The U.S. Department of Justice indicted the founder of “AML Bitcoin” on money laundering and wire fraud charges.
According to a court filing dated June 22, Texas resident Rowland Marcus Andrade, the founder of the NAC Foundation, allegedly raised funds by conducting an initial coin offering for tokens representing AML Bitcoin, telling investors that the tokens would ultimately be converted into actual AML Bitcoin (which isn’t actual Bitcoin).
“In [its] White Paper, the NAC Foundation claimed AML Bitcoin cryptocurrency would include features that would allow the cryptocurrency to comply with anti-money laundering (also referred to as ‘AML’) and know-your-customer (‘KYC’) regulations and laws by using ‘biometric technologies’ among other methods to confirming the identities of participants in transactions using AML Bitcoin,” the filing said.
According to a 2018 press release, NAC Foundation claimed AML Bitcoin was “the world’s only patent-pending digital currency with anti-money laundering, know-your-customer, anti-terrorism and theft-resistant properties.”
The DOJ filing was first shared by George Washington University Deputy Director on the Program on Extremism Seamus Hughes.
Andrade tried to raise up to $100 million during the ICO, which occurred in late 2017 and early 2018, the filing claimed.
According to the filing, Andrade and unnamed colleagues “made public statements and statements to potential purchasers” which “misrepresented the state of the development” of the project; created a fake “rejection campaign”; made statements which indicated the NAC Foundation was close to working with government agencies; and “misappropriated money obtained through the sale of AML Bitcoin.”
The fake rejection campaign centered around the National Football League, the filing said.
“Andrade, NAC Foundation, and his associates claimed that the advertisement would have aired during the Super Bowl if the television network airing the Super Bowl and the National Football League had not rejected the advertisement as being too controversial,” the filing alleged. “In fact, the NAC Foundation did not have the funds to purchase the advertising time, and the advertisement was never reviewed or rejected by the network or the NFL.”

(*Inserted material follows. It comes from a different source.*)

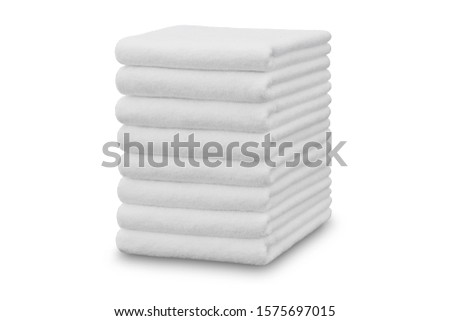 White beach towel on white background Royalty-Free Stock Photo #1575697015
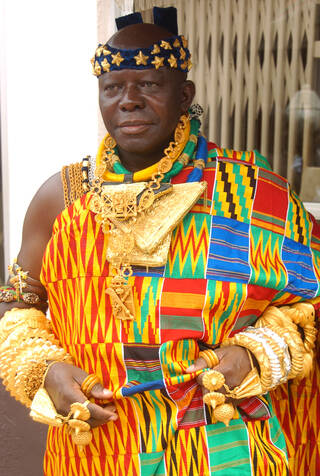 Asante King wearing colourful Kente cloth and lots of gold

According to the document, Andrade also claimed to have substantive meetings with the government of Panama and an elected official in California. The filing alleged that the Panama claims were “overstated,” and while “Andrade was present at a roundtable discussion and had his photograph taken with the [California] official,” “AML Bitcoin was not discussed.”
Close to $1 million was spent on a new home and real estate, the filing alleged.

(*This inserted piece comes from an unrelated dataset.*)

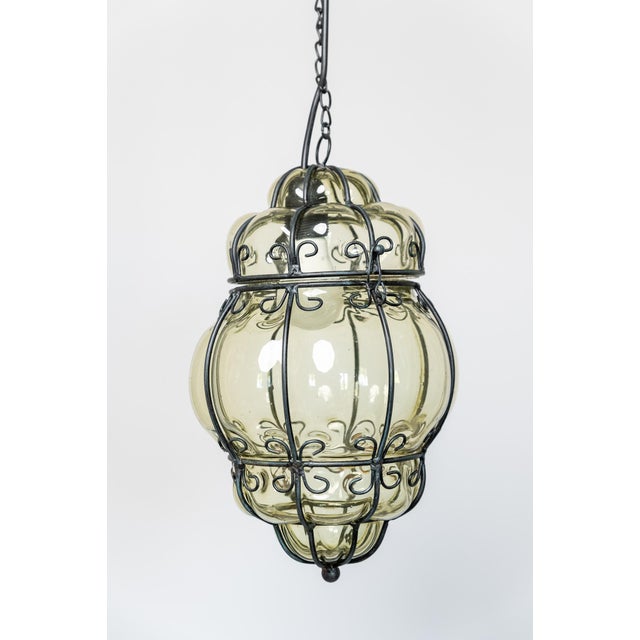 Murano blown glass pendant chandelier, Made in Italy, 1960s. This elegant single-light chandelier is cloud-shaped. The...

According to a March filing, U.S. officials have also filed to seize “one parcel of real property” owned at least in part by Andrade and his wife.

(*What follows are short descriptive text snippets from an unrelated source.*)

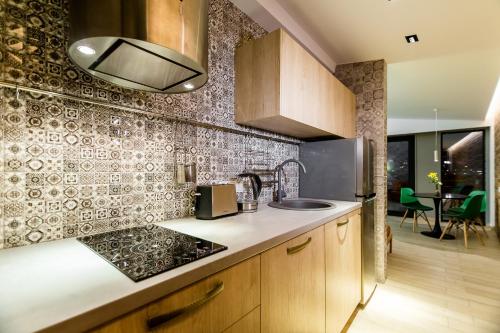 a kitchen with a sink and a counter top at Boutique Apart Upe in Tbilisi City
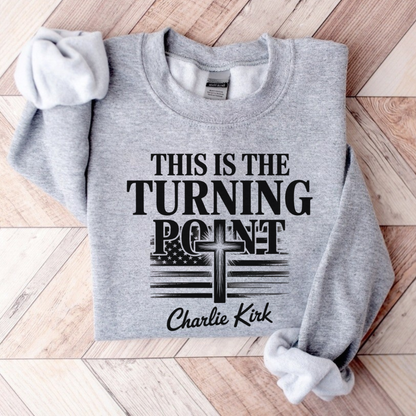 Flat lay athletic gray sweatshirt with Turning Point cross and distressed flag design
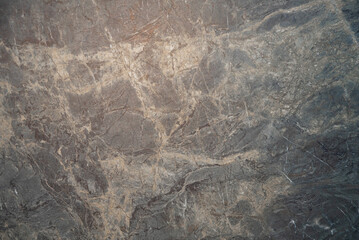 Black marble surface with gold and white natural veins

This filing details how Andrade allegedly convinced an individual, dubbed “VICTIM ONE,” to invest $1 million in the AML Bitcoin project, but transferred the funds into a JP Morgan Chase account held by “J.D.,” an associate of Andrade. The funds were then allegedly transferred to a third party “who acted at the direction of Andrade” at JP Morgan; then to an account belonging to “NAC Payroll Services Inc.”; then to an account at Wells Fargo owned by Andrade; then to a personal account at Woodforest National Bank.
The March filing alleges that these funds wre then used to purchase a residence from a Texas homebuilding firm.
“To date, Andrade and the NAC have not made any meaningful progress towards developing AtenCoin, AML Bitcoin, or ABTC,” the filing said, referring to two other names affiliated with AML Bitcoin.
This case is ongoing, according to court records.